Inizia cosi la disavventura di Agata, una grande paura e la necessità di approfondire per comprendere la gravità del suo stato di salute. Ma dopo lo spavento iniziale a rendere surreale la storia di questa donna è quello che deve affrontare una volta arrivata alla casa della salute.
«Martedi mattina mi reco all’ex ospedale di Scilla – racconta Agata – all’ingresso c’erano delle volontarie della protezione civile che annotano il mio nome e cognome e numero di telefono in un elenco e mi dicono di tornare il giorno dopo. Ritorno quindi mercoledì alle otto, mi presento di nuovo alle volontarie che controllano i miei dati nell’elenco e mi dicono che sarei stata chiamata per pagare il ticket».
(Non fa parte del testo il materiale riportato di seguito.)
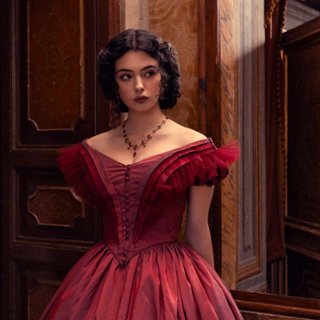 Angelica Sedara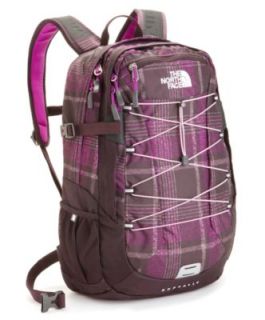 The North Face Backpack, Borealis   Women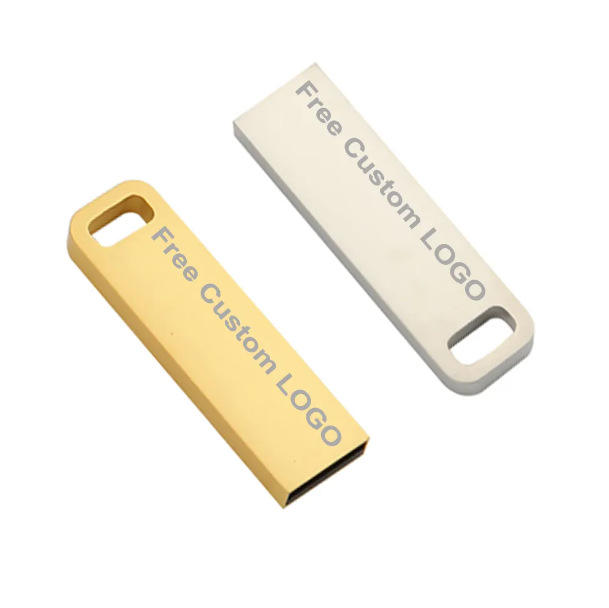 Factory Supply Custom New Style MINI Metal USB Flash Drive 2.0512MB1GB2GB4GB8GB1 detail 3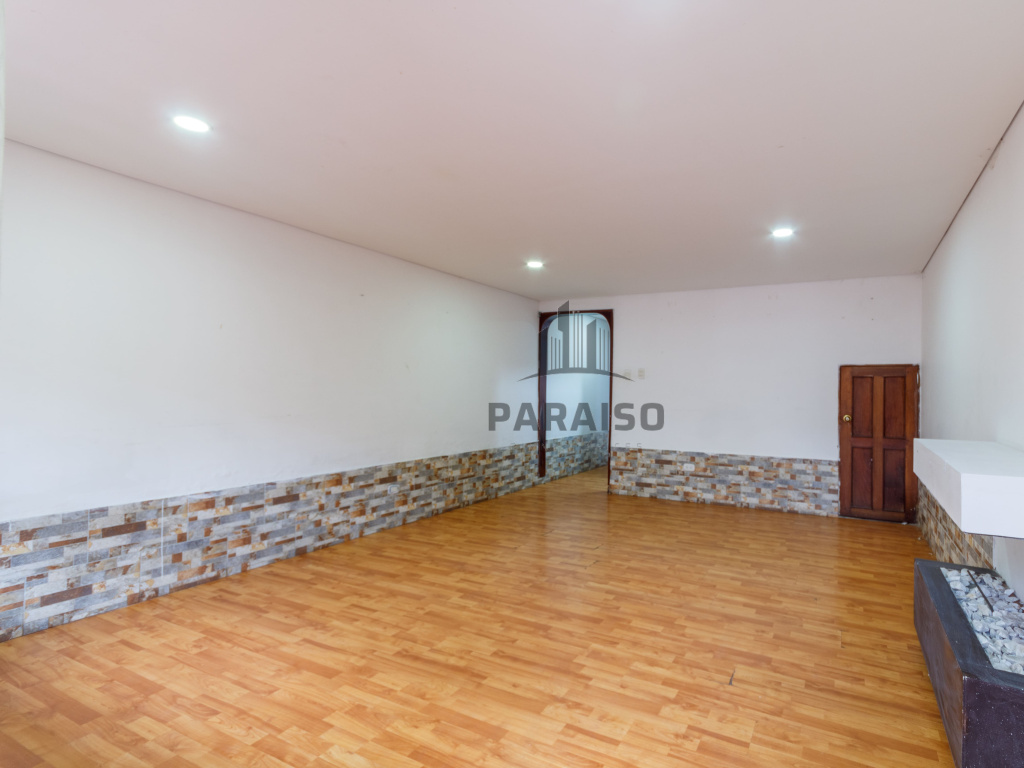 4 Bedrooms Bedrooms, 0 ,3 BathroomsBathrooms,Casa,Venta,0,1056 4 Bedrooms Bedrooms, 0 ,3 BathroomsBathrooms,Casa,Venta,0,1056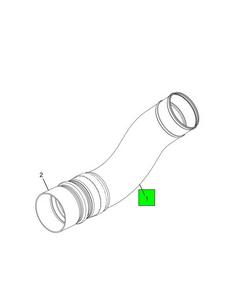 Figure 3716834C91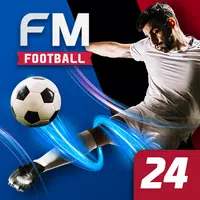 PRO Soccer Fantasy Manager 24 APK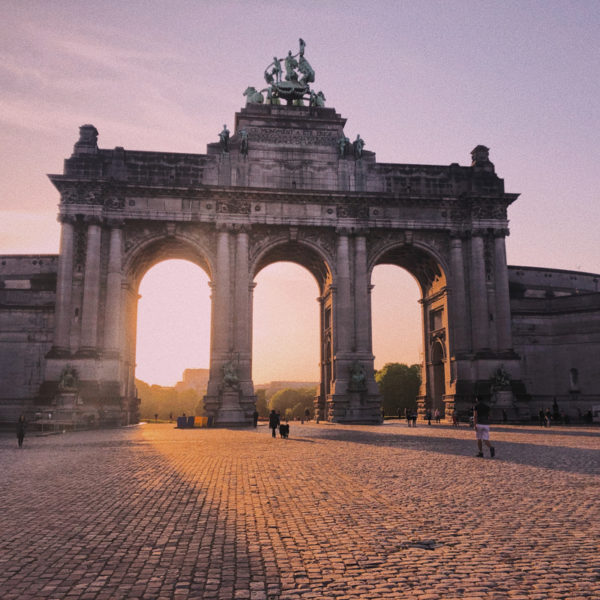 cinquantenaire-bruxelles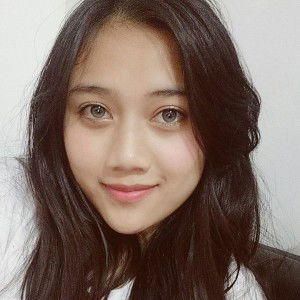 Reni Arnia profile icon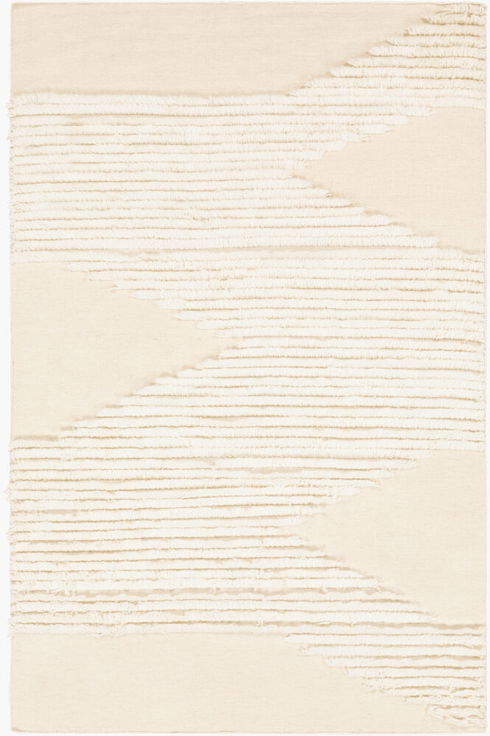 Apache Handmade Rug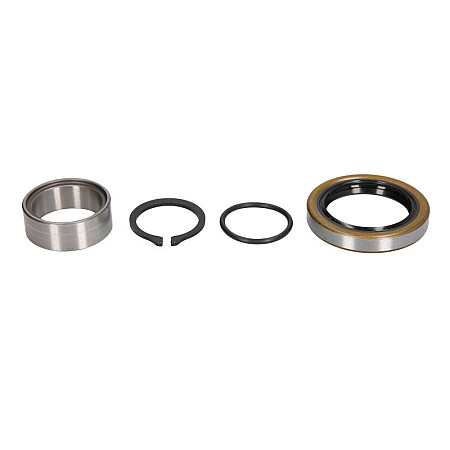 Arbore actionare Output shaft repair kit HUSQVARNA TC TE KTM EXC SX XC XC-W 125-200 2001-2016 HOT RODS OSK0010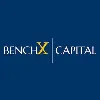BenchX Capital BenchX Capital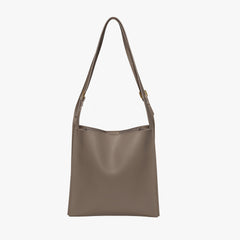 Lync Vegan Leather Tote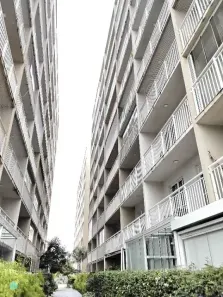 Apartamento com 1 Quarto para alugar, 28m² no Vila Palmeiras, São Paulo
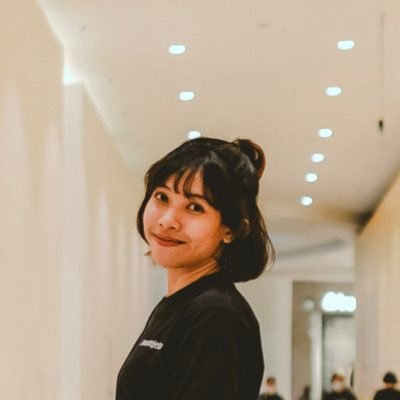 iyanewbie's profile picture. 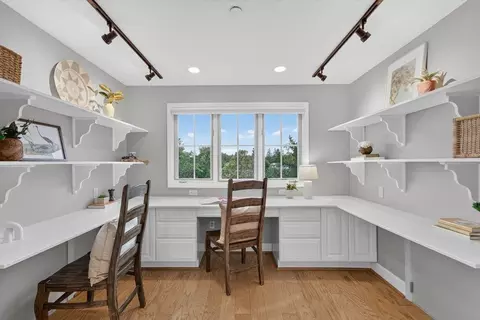 Other - 310 Hidden Valley Rdg, Soquel, CA 95073 photo 6 of 13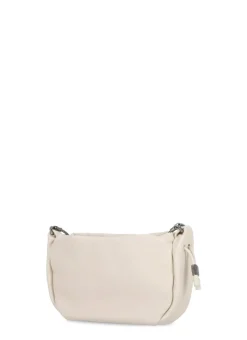 Borsa Bucket Mellow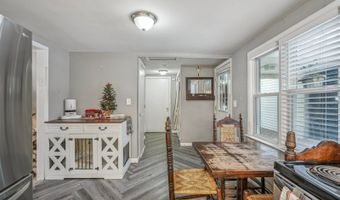 90 Newton Sparta Rd, Andover, NJ 07860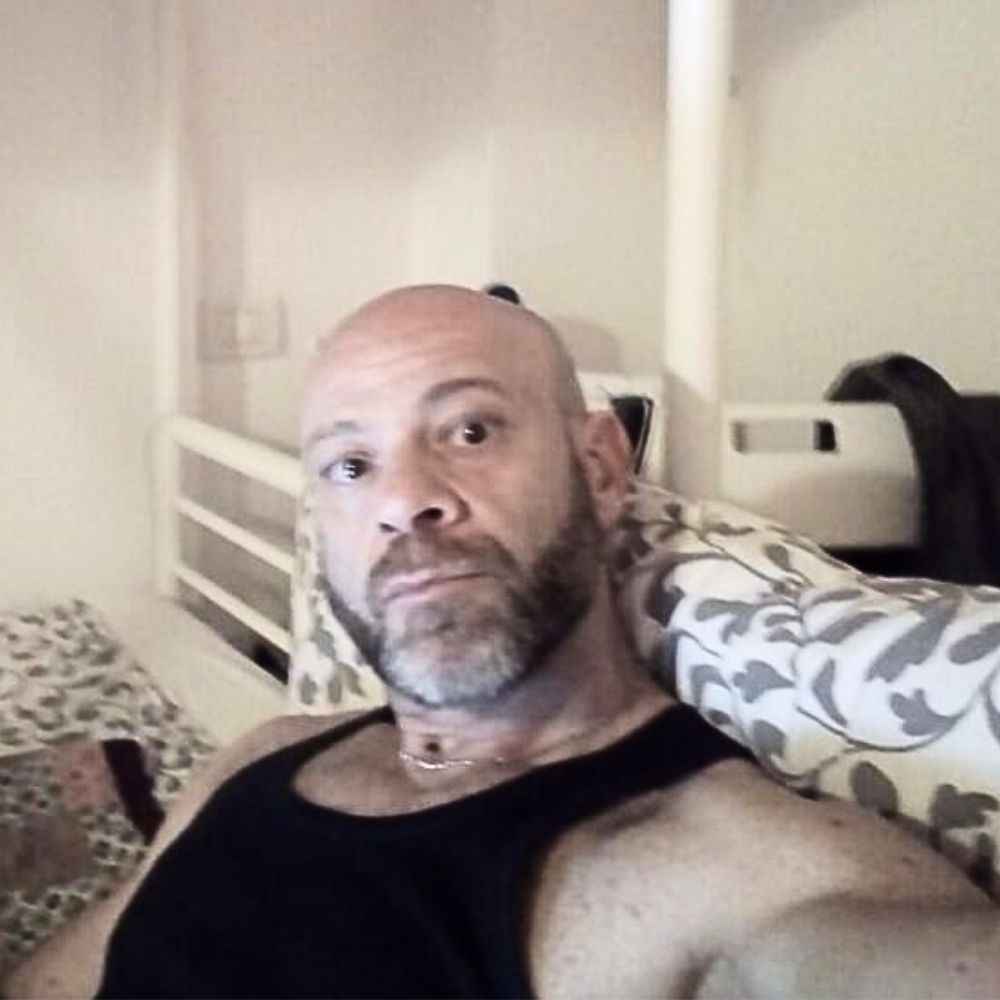 Ettore, massaggiatore a Milano – massaggio decontratturante e svedese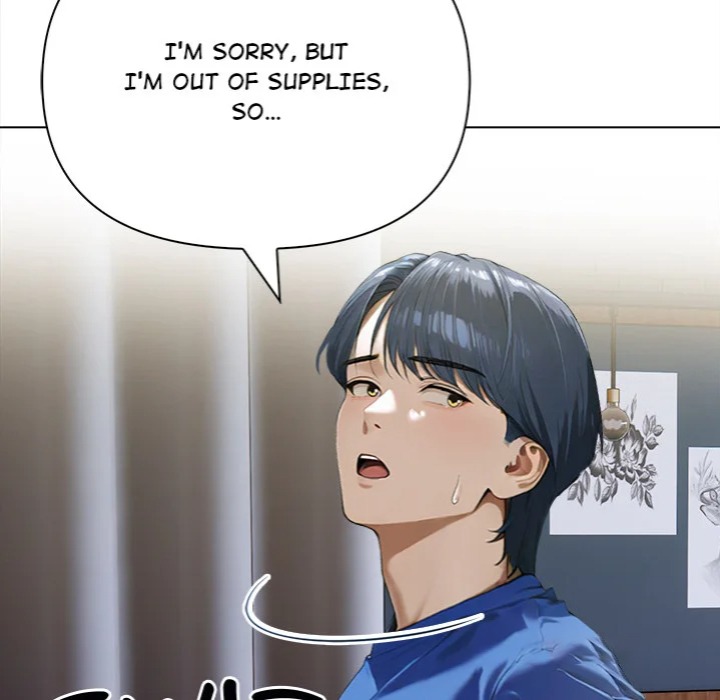 Tattoo Shop - Chapter 10 Page 48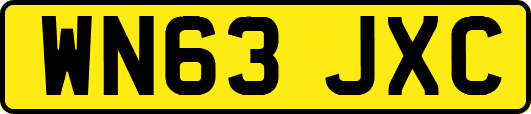 WN63JXC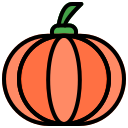 calabaza icon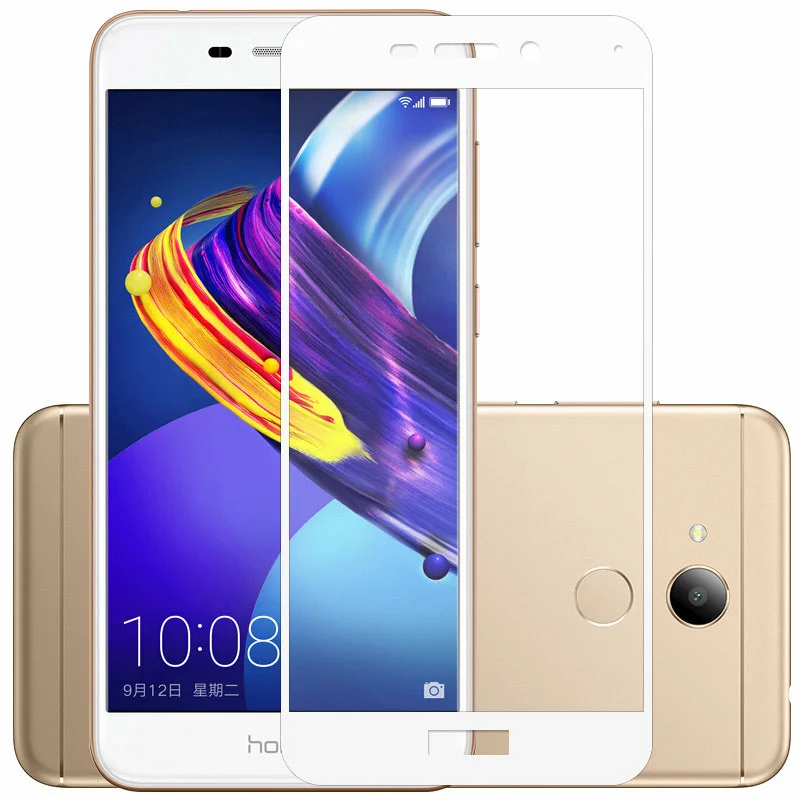 Full-Cover-Screen-Protector-For-Huawei-Honor-6C-Pro-Tempered-Glass-On-For-Honor-6C-6X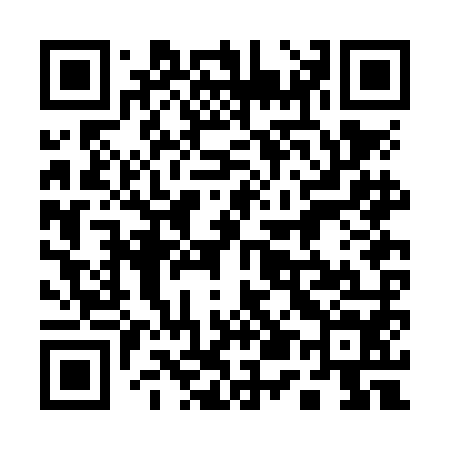 QR code for 152NM4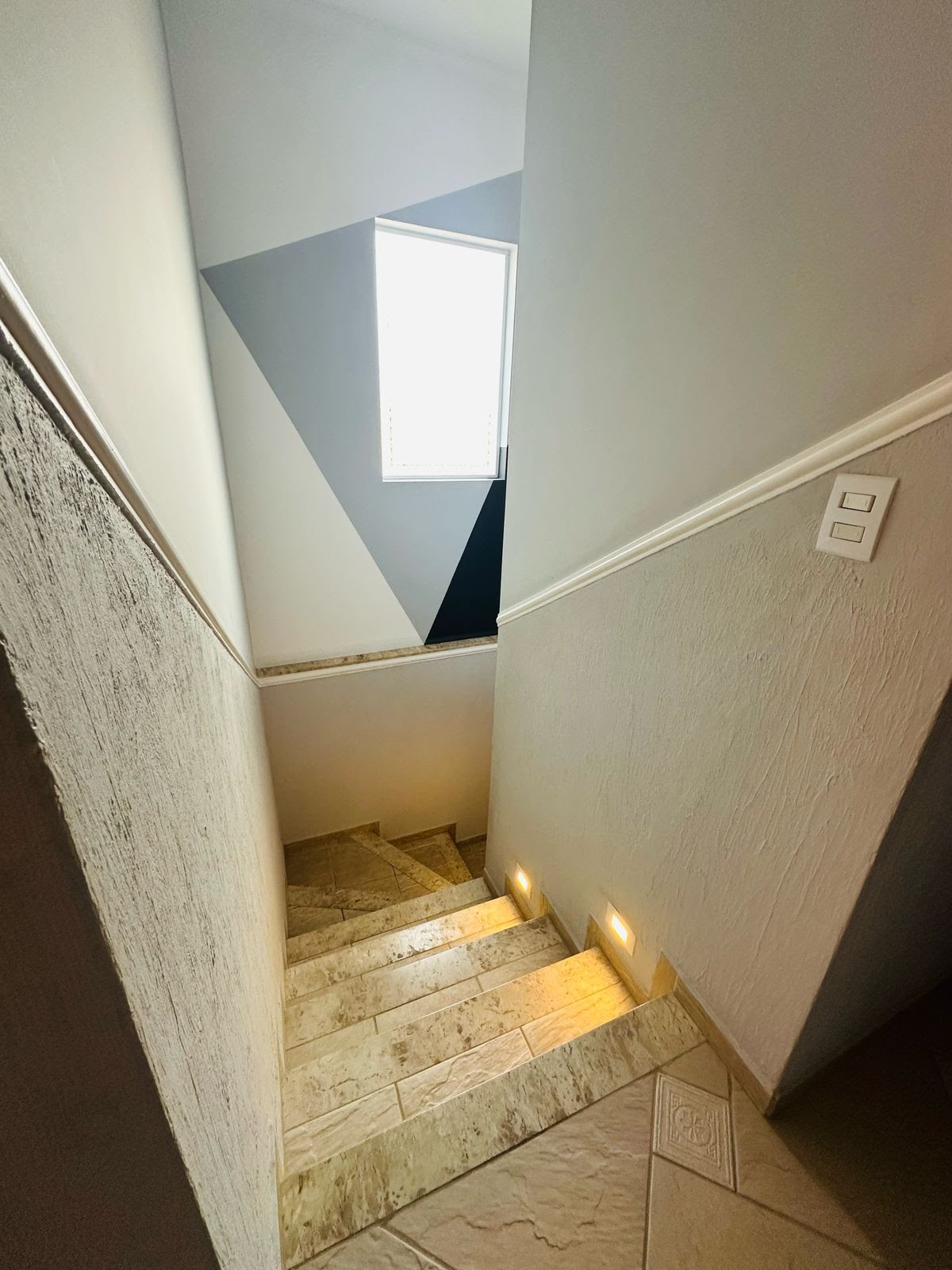 Apartamento à venda com 3 quartos, 1 suíte, 3 vagas e 160m² no Jardim Vista Linda, São Paulo (SP) — foto 5 de 30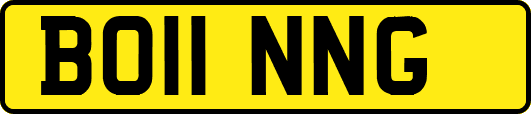 BO11NNG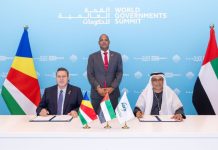 ADFD social housing project financing in Seychelles-GCC Business News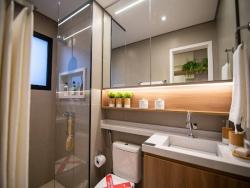 Apartamento para Venda em Sorocaba - 4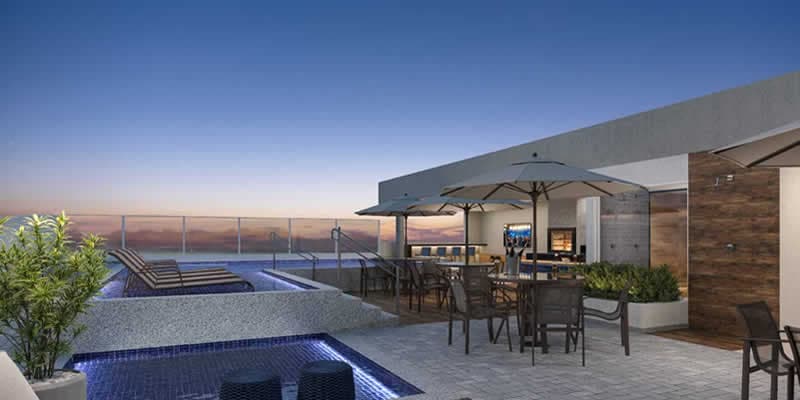 Foto de Exclusive Montreal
«Una delle ragazze annuncia che l’ambulatorio di cardiologia non accettava più nessuno. A me sembrava ingiusto aver fatto la fila 3 ore inutilmente, dopo che già ero stata inserita nell’elenco dal giorno prima. Chiedo spiegazioni alle volontarie e mi viene detto che funziona così, se voglio lamentarmi lo posso fare direttamente in cardiologia e mi fanno passare. Lì un infermiere mi spiega che non possono accedere più di 10 pazienti ed io faccio presente che non è giusto far fare la fila se si è raggiunto quel numero e che io ero stata inserita nell’elenco dal giorno prima, lui risponde di lamentarmi in direzione sanitaria. Quindi parlo con una signora che difende la loro organizzazione della fila e dell’accettazione per visite ed esami, che se non sono soddisfatta posso andare al De Blasi».
Non sei soddisfatta del servizio sanitario pubblico? Nessun problema, scegli il privato. Ecco la soluzione a tutti i problemi della sanità. Ma non tutti sono disposti a chinare il capo e Agata rivendica i suoi diritti. E dopo essersi sentita dirottata al privato assiste a un cambio di rotta.
«Poi però mi ammette alla visita per “agevolarmi”. Ritorno in cardiologia e mi dicono di pagare il ticket. Faccio di nuovo la fila per il ticket e quando l’impiegata mi stava registrando, va via per un attimo la corrente elettrica, allora l’impiegata inizia a lamentarsi che era stanca, che non si era alzata nemmeno per fare pipì, mi chiede di dove sono, “San Roberto”, “allora può tornare domani”, ed io “ma se è tornata la corrente elettrica, anche internet dovrebbe funzionare”, niente l’impiegata insiste che non può fare nulla. Ritorno in cardiologia e mi dicono di tornare domani. Era quasi l’una. Oltretutto dovrei rifare la ricetta, rifare la fila col dubbio che poi sarei rimandata a domani».
Qui l’emergenza si scontra con un tipo di organizzazione che sembra far acqua da tutte le parti e come segnalato da diversi cittadini, alla casa della salute ci si affida ai volontari in attesa che il personale, per il quale è già stata fatta apposita delibera, prenda servizio. Intanto non resta che raccontare l’ennesima disavventura.
«A me sembra che ci sia cattiva organizzazione – conclude Agata amareggiata – incompetenza e mancanza di professionalità. Come può essere chiuso uno sportello pubblico perché manca internet, solo perché è mancata la corrente elettrica per qualche secondo? Con quale criterio le volontarie chiamano per pagare il ticket? Se io ero già in elenco sarei dovuta essere la prima».